Si le théâtre a depuis longtems été institué à la Chine, il n’y a jamais
été en honneur; et, loin qu’on le considère comme une école de morale et
de vertu, on n’y voit qu’un amusement frivole et dangereux, contraire h
la gravité et à la décence, et pernicieux aux bonnes mœurs. Les lettrés
ont souvent déclamé contre les jeux des bateleurs et des comédien; car
la meme expression les désigne indifféremment. Mais ces déclamations
n’empêchent pas qu’il n’y ait partout des comédiens ambulans, qui vont
chez ceux qui les appellent, jouer des farces ou représenter des
tragédies; il est même du bel usage de les faire venir dans les repas de
cérémonie, pour divertir les convives, et ils sont admis jusque dans le
palais de l’empereur, où ils servent, concurremment avec les
marionnettes, les ombres mécaniques et les danseurs de corde, à
l’amusement de la cour et des ambassadeurs étrangers. C’est qu’à la
Chine on ne se fait nulle difficulté de se montrer peu conséquent à ses
principes, et qu’on y est, comme ailleurs, beaucoup plus sévère en
théorie qu’en pratique.

Néanmoins, comme il n’y a jamais eu de théâtre public dans l’empire, et
comme une telle institution est trop en opposition avec les lois, les
usages et les préjugés nationaux, pour pouvoir jamais s’y introduire, on
conçoit que l’art dramatique a dû souffrir du peu d’importance qu’on met
à ses productions. Ce n’est pas une simple tolérance, ou l’accueil
secret de quelques particuliers, qui peut faire naître des chefs-d’œuvre
en ce genre : il faut aux auteurs cl aux comédiens, des fêtes
solennelles, le concours d’un grand nombre de spectateurs, des éloges
publics, des applaudissemens universels. La police chinoise serait
renversée de fond en comble, si des histrions obtenaient ces
encouragemens. Les auteurs comiques se ressentent de la même influence ;
et si ceux qui jouent les pièces de théâtre sont assimilés aux
bateleurs, ceux qui les composent sont relégués, avec les romanciers et
les auteurs de poésies légères, dans la dernière classe de la
littérature. Quoi qu’en puisse dire un auteur anglais, dont nous allons
faire connaître le travail, les ouvrages de pur agrément sont comptés
pour peu de chose par les Chinois, dont l’estime avouée n’a d’autre
règle qu’une utilité directe et immédiate. Le P. Cibot a bien peint
leurs préjugés a cet égard, quand il a dit : “Les idées politiques de la
Chine sur la poésié ne sont pas les memes que celles de l’Europe...Le
mérite de faire de beaux vers attire peu l’attention du gouvernement. On
dit ici qu’un homme de lettres fait bien des vers, comme on dit en
France qu’un capitaine d’infanterie joue bien du violon.”
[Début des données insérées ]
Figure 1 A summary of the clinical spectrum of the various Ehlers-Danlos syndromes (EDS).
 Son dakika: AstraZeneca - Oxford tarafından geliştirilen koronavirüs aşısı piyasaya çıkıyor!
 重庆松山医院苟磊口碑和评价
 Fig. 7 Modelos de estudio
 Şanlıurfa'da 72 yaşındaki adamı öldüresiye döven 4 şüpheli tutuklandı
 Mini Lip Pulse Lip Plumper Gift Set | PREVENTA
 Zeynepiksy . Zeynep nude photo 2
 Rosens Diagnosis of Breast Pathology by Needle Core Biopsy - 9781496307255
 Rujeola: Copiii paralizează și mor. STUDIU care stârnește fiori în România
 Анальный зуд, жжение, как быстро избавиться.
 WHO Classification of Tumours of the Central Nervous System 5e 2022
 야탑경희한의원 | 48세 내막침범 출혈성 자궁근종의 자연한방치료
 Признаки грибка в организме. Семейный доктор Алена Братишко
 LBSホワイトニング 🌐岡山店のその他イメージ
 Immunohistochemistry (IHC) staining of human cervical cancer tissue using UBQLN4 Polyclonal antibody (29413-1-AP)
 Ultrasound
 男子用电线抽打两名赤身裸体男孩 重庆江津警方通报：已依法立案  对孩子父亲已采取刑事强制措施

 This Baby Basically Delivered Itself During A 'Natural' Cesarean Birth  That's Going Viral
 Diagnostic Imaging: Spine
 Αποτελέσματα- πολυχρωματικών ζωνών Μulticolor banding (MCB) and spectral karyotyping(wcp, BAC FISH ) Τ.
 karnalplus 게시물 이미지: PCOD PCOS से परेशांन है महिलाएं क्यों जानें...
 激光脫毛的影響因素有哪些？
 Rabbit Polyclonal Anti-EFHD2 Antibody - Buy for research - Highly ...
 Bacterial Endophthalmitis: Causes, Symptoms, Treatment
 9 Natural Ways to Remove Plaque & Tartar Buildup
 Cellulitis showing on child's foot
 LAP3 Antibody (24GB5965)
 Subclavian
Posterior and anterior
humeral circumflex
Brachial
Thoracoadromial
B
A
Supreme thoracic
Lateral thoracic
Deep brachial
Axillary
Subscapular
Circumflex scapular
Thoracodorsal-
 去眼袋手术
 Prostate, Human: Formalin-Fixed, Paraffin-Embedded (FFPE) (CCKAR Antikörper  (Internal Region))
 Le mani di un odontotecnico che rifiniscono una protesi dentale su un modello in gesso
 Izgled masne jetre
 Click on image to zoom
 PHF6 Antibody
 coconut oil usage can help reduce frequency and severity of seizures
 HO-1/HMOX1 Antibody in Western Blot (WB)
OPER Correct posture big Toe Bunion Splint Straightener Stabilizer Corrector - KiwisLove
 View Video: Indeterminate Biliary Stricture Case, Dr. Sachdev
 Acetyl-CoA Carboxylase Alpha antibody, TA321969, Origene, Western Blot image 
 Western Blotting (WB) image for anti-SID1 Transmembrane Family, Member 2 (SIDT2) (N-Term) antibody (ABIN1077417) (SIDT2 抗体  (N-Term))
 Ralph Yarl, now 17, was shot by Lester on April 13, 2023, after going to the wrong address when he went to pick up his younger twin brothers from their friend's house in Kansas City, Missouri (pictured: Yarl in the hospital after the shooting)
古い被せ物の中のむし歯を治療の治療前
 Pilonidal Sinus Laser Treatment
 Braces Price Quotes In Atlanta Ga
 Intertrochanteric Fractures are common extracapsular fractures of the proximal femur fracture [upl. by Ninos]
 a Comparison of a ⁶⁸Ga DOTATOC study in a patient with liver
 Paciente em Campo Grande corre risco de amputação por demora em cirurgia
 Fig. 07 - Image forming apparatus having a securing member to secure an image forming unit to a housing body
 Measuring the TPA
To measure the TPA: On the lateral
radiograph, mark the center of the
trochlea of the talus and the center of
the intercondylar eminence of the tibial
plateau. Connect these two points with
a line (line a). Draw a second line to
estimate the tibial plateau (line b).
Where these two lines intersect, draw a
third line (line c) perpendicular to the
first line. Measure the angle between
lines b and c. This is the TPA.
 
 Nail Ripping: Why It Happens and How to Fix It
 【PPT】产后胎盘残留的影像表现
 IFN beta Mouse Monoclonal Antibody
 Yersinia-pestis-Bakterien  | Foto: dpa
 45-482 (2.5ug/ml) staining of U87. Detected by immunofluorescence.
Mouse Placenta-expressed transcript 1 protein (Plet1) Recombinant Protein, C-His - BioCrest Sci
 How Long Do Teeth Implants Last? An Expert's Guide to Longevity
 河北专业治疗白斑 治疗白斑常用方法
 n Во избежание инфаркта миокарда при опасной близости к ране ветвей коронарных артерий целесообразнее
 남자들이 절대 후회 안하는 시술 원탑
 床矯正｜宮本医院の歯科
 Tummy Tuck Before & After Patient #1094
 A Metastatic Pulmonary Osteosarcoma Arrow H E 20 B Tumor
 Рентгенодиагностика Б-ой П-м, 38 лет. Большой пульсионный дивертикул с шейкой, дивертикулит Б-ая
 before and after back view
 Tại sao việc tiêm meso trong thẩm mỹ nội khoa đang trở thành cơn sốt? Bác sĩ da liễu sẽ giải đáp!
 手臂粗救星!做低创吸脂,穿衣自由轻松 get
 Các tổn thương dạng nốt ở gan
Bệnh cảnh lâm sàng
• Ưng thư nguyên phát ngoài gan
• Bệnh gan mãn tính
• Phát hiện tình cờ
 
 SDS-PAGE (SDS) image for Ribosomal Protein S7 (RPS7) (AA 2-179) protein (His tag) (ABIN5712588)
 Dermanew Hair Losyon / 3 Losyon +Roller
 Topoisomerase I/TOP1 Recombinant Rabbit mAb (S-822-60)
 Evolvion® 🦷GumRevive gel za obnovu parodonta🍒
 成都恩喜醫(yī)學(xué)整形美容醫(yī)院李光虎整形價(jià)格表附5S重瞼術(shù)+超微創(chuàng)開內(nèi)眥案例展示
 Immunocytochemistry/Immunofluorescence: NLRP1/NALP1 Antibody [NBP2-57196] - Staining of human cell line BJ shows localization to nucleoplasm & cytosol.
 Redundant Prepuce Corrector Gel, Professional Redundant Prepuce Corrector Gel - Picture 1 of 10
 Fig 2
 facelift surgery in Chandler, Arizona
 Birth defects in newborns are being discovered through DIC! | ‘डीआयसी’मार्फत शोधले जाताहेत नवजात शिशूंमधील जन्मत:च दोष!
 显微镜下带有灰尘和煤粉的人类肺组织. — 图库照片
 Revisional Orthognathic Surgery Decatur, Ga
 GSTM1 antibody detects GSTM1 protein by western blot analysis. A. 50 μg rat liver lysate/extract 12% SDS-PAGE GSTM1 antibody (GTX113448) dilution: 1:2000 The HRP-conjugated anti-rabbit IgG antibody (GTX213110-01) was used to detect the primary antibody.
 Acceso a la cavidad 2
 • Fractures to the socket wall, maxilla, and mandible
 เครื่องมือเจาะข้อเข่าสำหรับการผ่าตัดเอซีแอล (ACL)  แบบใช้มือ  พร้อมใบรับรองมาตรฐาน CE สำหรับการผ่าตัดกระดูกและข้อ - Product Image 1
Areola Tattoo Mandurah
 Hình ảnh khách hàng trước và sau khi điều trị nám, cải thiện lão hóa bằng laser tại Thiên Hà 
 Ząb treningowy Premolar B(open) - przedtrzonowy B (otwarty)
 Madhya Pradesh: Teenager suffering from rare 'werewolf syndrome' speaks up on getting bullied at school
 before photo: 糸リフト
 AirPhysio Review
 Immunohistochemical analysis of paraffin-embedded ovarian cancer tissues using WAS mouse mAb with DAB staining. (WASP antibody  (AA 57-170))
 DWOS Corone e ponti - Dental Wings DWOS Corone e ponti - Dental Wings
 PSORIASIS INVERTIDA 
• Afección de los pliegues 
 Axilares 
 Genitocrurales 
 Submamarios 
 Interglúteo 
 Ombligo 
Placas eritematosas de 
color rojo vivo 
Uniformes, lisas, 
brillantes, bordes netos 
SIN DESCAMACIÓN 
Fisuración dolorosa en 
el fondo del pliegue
C’est comme un prodige que l’art dramatique , au milieu de tant de
causes qui devaient en arrêter les progrès, ou plutôt le retenir dans un
éternel état d’enfance, ait pourtant fait quelques pas vers la
perfection, et puisse même soutenir un instant de comparaison avec les
idées que nous nous en formons. Jusqu’à présent, on n’avait eu, pour en
juger, que l’Orphelin de la maison de Tchao, tragédie que le P. Prémare
a extraite d’un recueil de cent pièces de théâtre, et mise en français.
M. Davis vient de tirer du même recueil une comédie qu’il a traduite en
anglais : ainsi l’on peut, par ces deux échantillons, prendre une idée
du goût chinois dans les deux genres. Sur la première de ces deux
pièces, des juges éclairés dans ces matières avaient pensé que le
théâtre chinois pouvait être intéressant à étudier. Voltaire alla plus
loin, et voulut prouver qu’il pouvait être bon à imiter: dans ce
dessein, il choisit pour sujet d’une de ses tragédies , la fable même de
la pièce traduite par le père Prémare. A la vérité, il eut soin de
préparer et d’embellir toutes les situations qu’il y avait prises, d’en
faire disparaître toutes les irrégularités, d’en former enfin une pièce
nouvelle, pour ainsi dire, qui n’a presque de commun que le titre avec
son prétendu original. Il eût été difficile d’agir autrement; mais
aussi, il s’en faut bien que l’Orphelin de Tchao soit la meilleure et la
plus régulière du recueil où elle a été prise. Le drame nouveau[1] nous
paraît bien supérieur dans son genre, et bien moins éloigné de l’idée
que nous nous formons d’une bonne comédie, sous le rapport de la fable,
de la conduite et du style, que ne l’est, à tous ces égards, du modèle
d’une bonne tragédie, la pièce traduite par le P. Prémare.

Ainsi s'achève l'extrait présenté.